Uzi Meshulam's talks and lessons on the issue gained him popularity, and he acquired himself a following of close believers. On Passover of 1994, his actions began receiving more and more interest from the government. After he spread out flyers comparing the affair to the Nazi actions, things got real. A little too real.


Meshulam and his followers fortified his house with sandbags and rocks, in locked themselves inside with armed weapons. They demanded the government open an official investigation on the Yemenite Children Affair. They stayed inside for weeks, while many police and SWAT forces besieged the house with armed forces and snipers. Sounds crazy, we know, but this is a completely true story.

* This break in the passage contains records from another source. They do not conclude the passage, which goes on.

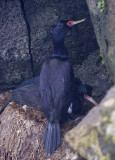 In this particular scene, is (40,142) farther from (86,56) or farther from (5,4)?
(5,4)

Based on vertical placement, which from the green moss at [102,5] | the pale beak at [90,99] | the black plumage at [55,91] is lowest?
the pale beak at [90,99]

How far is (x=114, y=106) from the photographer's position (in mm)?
1889

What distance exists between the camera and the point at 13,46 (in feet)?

On May 10th, 1994, at 03:00 in the morning, Meshulam exited the house to negotiate with the Chief of Police. Meshulam was immediately arrested and the forces began breaking into the house. The followers fired from within the house, as a result, the snipers retrieved fire and one of the followers, a 19-year-old soldier, was killed. Eleven of the followers were arrested and sentenced to prison for 15 months to five years. Meshulam himself spent six and a half years in jail.

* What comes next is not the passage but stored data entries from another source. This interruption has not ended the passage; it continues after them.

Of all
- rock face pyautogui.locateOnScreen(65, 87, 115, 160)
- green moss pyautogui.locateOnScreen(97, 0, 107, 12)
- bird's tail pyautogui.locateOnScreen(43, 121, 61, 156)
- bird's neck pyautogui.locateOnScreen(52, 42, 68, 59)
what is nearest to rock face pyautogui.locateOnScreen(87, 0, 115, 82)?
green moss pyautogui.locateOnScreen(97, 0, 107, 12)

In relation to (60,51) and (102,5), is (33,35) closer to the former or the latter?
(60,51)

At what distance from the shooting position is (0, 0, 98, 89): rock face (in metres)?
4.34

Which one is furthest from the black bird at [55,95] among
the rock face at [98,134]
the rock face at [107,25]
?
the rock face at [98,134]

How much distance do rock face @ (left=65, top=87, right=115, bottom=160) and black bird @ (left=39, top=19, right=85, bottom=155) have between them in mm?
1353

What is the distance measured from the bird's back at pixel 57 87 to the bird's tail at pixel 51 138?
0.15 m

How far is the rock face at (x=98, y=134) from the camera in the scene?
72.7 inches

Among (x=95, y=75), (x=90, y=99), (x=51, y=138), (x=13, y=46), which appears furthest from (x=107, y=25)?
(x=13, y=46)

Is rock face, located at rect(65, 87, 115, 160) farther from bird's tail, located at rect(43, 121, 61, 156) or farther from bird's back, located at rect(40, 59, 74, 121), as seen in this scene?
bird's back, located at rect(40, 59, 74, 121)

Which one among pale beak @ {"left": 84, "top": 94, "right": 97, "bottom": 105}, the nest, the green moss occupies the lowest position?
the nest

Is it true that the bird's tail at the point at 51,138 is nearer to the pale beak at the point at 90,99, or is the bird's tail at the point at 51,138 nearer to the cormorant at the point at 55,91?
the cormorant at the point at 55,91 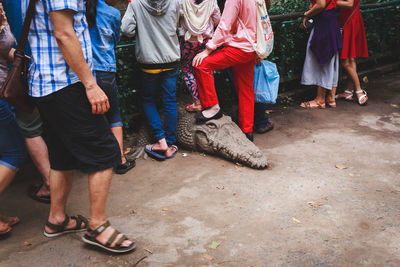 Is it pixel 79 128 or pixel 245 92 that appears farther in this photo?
pixel 245 92

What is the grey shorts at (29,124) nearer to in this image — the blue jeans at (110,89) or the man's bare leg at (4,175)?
the man's bare leg at (4,175)

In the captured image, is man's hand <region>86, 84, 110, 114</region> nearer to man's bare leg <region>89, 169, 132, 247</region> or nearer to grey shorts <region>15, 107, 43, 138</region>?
man's bare leg <region>89, 169, 132, 247</region>

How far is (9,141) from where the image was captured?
9.05ft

If you thought this was it, then no, it gets even crazier. Later that year, two of the followers shot a prison guard, his life was miraculously saved. Those two were sentenced to many more years in prison as a result.


While in prison, Meshulam's health took a turn and really deteriorated. He died on June 21st, 2013, at the age of 60.


His actions may have seemed drastic, but they definitely raised the subject of the wrong-doings in the Yemenite Children Affair. In 2018, Gila Gamliel, then the Minister of Social Equality, sent an official request to the President to grant Meshulam a Pardon After Death.